Well, it looks as if the bill to license PIs is back on track after a lot of wrangling in the Senate and is on its way to the House in much the same form as it was introduced in February. The “agency” language was stripped (along with the higher fees, increased oversight by DORA and the language that threatened to keep new PIs out of the profession).
There was a comment on an earlier post of mine (by Rick Johnson) that the agency language was just another example of how PPIAC likes to dangle carrots and then switch. Its my understanding that it was PPIAC took the lead in opposing the agency language and returning the bill to its original form. If that’s the case, I think PPIAC leadership should be congratulated on sticking to their guns and making sure the bill that was introduced into the Senate is what will be sent to the House…and hopefully the Governor. Instead of accusing PPIAC of a bait and switch, there should have been an extreme amount of outcry over how special interest groups and individuals were hijacking this bill to fit their own situation.
Let’s face it – that agency amendment was just a result of someone’s (or a small group’s) personal agenda. But the net result of that amendment was was extremely threatening to not only agencies, but to single operators as well. As I said in an earlier post, it would have given DORA the authority to mandate how you supervised employees and it would have kept a lot of people from being in business, since DORA had the authority to decide who could or couldn’t be “an agency”. Kudos to those that listened to the small operator and returned the bill to its original form.
I watched the debate on the Senate floor online. It absolutely kills me how Senator Balmer and others seem to get their facts wrong. Senator Balmer was going on about how “ten or so” private investigators we re pushing this bill, and that they represent 1% of the total PIs in Colorado. Simple math says that he believes, then, that there are 1,000 PIs is Colorado. And that the VAST MAJORITY of PIs in Colorado are ex-law enforcement and military. But what really got me was the fact that he voted in favor of mandatory licensing last year. Kinda reminds me of someone else that championed mandatory regulation in years past, but suddenly is against.
So I return to a position of support for the bill. I was leaning no with that agency BS. I had even sent an email to my senator expressing concern. But getting back to the original bill is a good thing and I think it returns to addressing the issue of protecting the public without too much regulation.
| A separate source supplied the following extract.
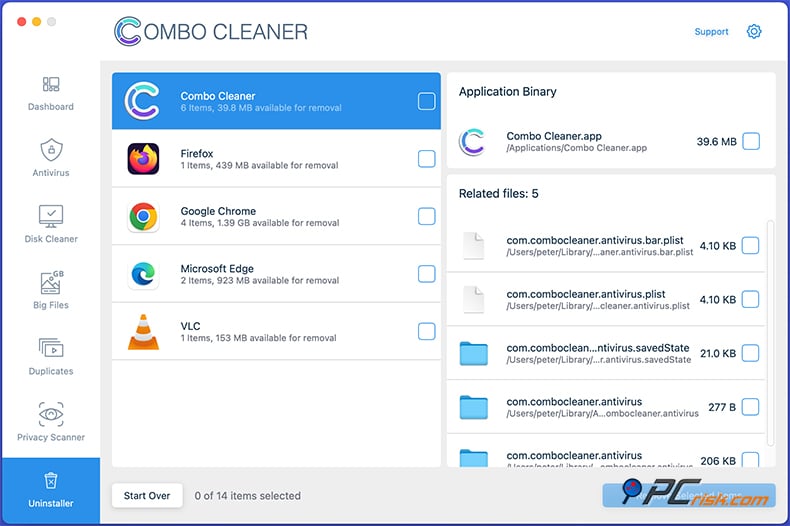 Combo Cleaner Deinstallationsprogramm macOS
It keeps the criminals out and requires that you pass a test to make sure everyone understands the laws with respect to operating as a PI. There is a lot being said by opponents about how we don’t need regulation to “protect the public”, and opponents say there are criminal laws and civil remedies to answer that issue. But we pass laws all the time to not only address what has happened…but also as to what is possible or probable. Inexperienced PIs that think its a good idea to track their subjects using GPS devices are (I believe) just ignorant to the law. Requiring them to pass a test that demonstrates they know it’s illegal to do so (in most cases) will prevent incidents (like the one in Weld County a couple of years ago) from happening in the first place. Lets assume that the guy that did that just didn’t understand the legalities. Had he been aware, he probably would have avoided the criminal charges that were filed against him. So a bill that requires a test is a good thing, especially for those that are new to the profession.
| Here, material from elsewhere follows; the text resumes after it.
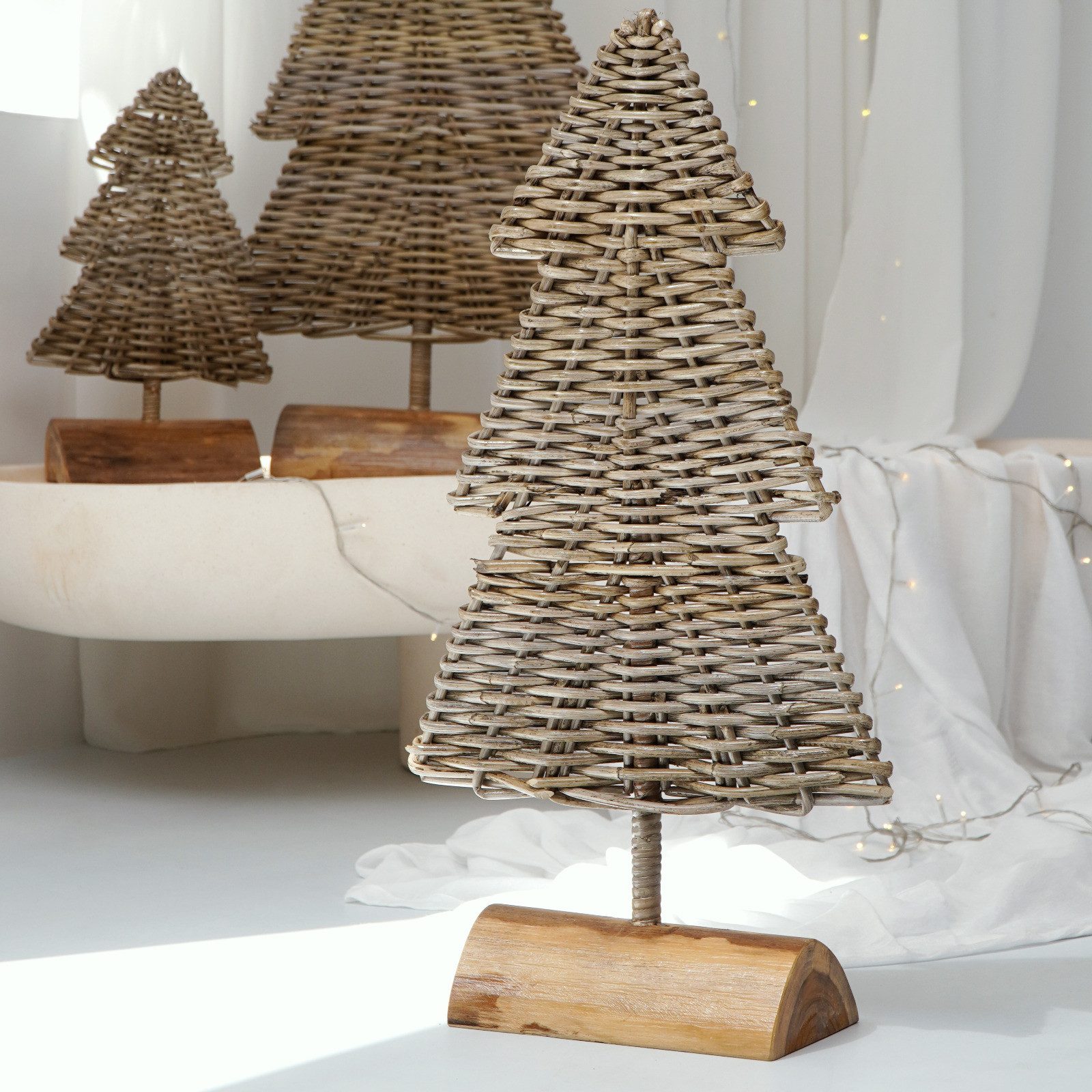 More2Home Dekoobjekt Deko-Bäume RATTAN-TANNE, 3er Set, 85/60/40 cm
I don’t know for sure who was leading the fight to get the bill back to what was introduced. I suspect it was probably PPIAC Chairman Chris Bray and President Steve Davis, but I have no direct knowledge. They’re a logical choice since they are at the top of the PPIAC. But regardless of who was responsible, they have my thanks for leading the fight to keep the fees reasonable, championing the little guy, and doing the hard work of bringing mandatory regulation to Colorado.